My Cystic Fibrosis Story
I was running up what felt like a mountain in Baraboo WI pushing my kids in a Burley in spring of 2013 when something happened that changed my life.
Note. If you’re squeemish proceed with caution.
My twins were about two and I was determined to get back in shape. I had decided to do a triathlon before my 30th birthday. This is why I was currently pushing upwards of 50 pounds up a hill like a crazy person.
To be fair, I was a new twin mom so in reality most of life felt a little crazy at that point.
I was halfway up a hill digging in hard, my lungs, arms, and legs pumping. Suddenly I felt the urge to cough and up came a huge clot of blood.
Now if you cough up a clump of dark red blood larger than a quarter – call the doctor. That would be the smart thing to do. I didn’t do that. (Sorry mom.) However a week later when it happened again in the middle of the night I was a bit more concerned. I called my doctor’s office in the morning and made an appointment.

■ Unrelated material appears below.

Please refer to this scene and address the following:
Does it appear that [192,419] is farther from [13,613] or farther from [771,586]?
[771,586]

It was a general practitioner in a teeny tiny town that noticed the triangle on my chest x-ray a couple of days later and that was how I found myself at almost 30 sitting in a pulmonologist’s office for the very first time.
I often wonder if my pediatrician or asthma doctors had referred me to a pulmonologist earlier if my diagnosis would have been caught when I was a child. For the record, I do not blame them or anyone else. I also do not think that my life would necessarily be better if it had been caught sooner, but I do find myself wondering from time to time.
Regardless there I was.
Negative sweat tests. Broncoscopies. Sputum cultures.

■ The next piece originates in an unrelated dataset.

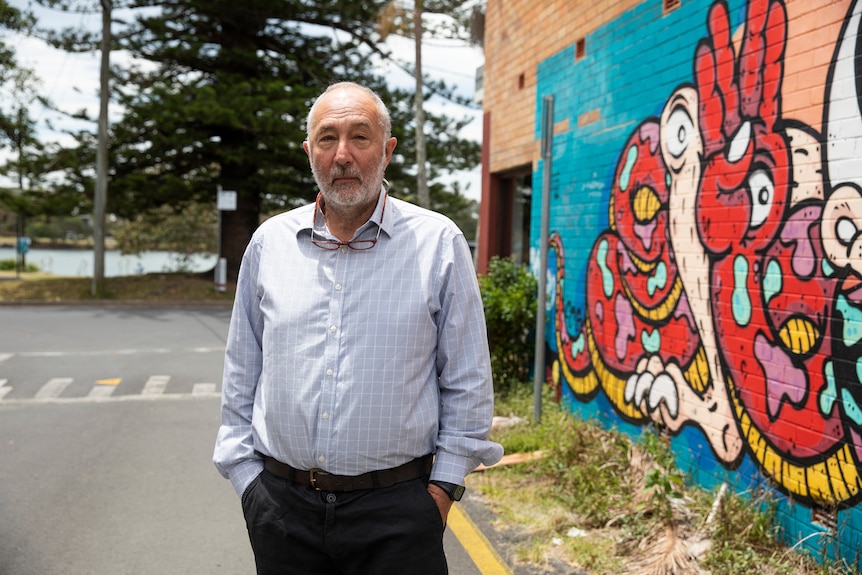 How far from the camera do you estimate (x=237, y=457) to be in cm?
249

Several months later my Cystic Fibrosis was still not diagnosed, but a very icky infection had been found in my lungs. Long term IV treatment and possible surgery were batted around as treatment options, when suddenly our life changed again.
In 2014, we found out that my husband got a job opportunity in Mississippi. We put a pin in the discussion of treatment options and moved to the Deep South. There after our boxes were unpacked, I began treatment with a new doctor.
Treating the infection in my lung turned out to be much harder than anticipated. I had one horrible side effect after another. 6 PIC lines, a couple trips to the hospital and many IV drugs later, my doctor referred me to another specialist in Texas.
It was this doctor who eventually insisted on a genetic test for Cystic Fibrosis and in 2015 I was diagnosed.
I’ll spare you the lengthy, boring treatment and doctor appointments for the infection in my lung because the short version is that it didn’t really work and driving 5 hours to see a doctor every couple of months is annoying.
In April 2016, a month before we moved to New York City, I had a partial lobectomy (in other words, most of my right lung was removed).
What followed was the most painful rehab of my life thus far. A lengthy hospital stay. Two chest tubes. My lung collapsing several times. Another hospital stay. Bed rest. Saintly parents watching my twins. Two trips to the Emergency Room in two different states. Re-opening of my surgical site. Another minor surgery to repair it. All this as we moved our family from Mississippi to New York.
In other words, a mess.
However, two years and yet another move later, you would never know to look at me that any of this is true. That’s one of the hardest things about Cystic Fibrosis. For the most part it is an invisible disease.
I still struggle to walk up stairs or big hills.
I still do daily treatments and take sick days more than I’d like.
I still see my doctor more than the average 30 something.
I still have scars all over my right side from the surgeries.
But, in general, I’m much more healthy. My lung function is closer to where it was before that blood clot filled run uphill. There is currently no trace of the infection in my lungs. And with lots of careful work, my Cystic Fibrosis is just an annoying thing hanging around that I can mostly ignore.
also read: Giving Myself Grace & the 3 Seasons of Life with CF
This morning I went for a run again. My twins don’t fit in a stroller any more, thank goodness, and I was alone with my thoughts. I’m older now but still just as determined to make these lungs work.
I don’t know what the future holds. The stats on CF are somewhat disheartening but progress is being made every day. The truth is that diagnosis or not, no one knows what tomorrow will bring.
So all I can do is lace up my shoes, take a deep breath and start running again.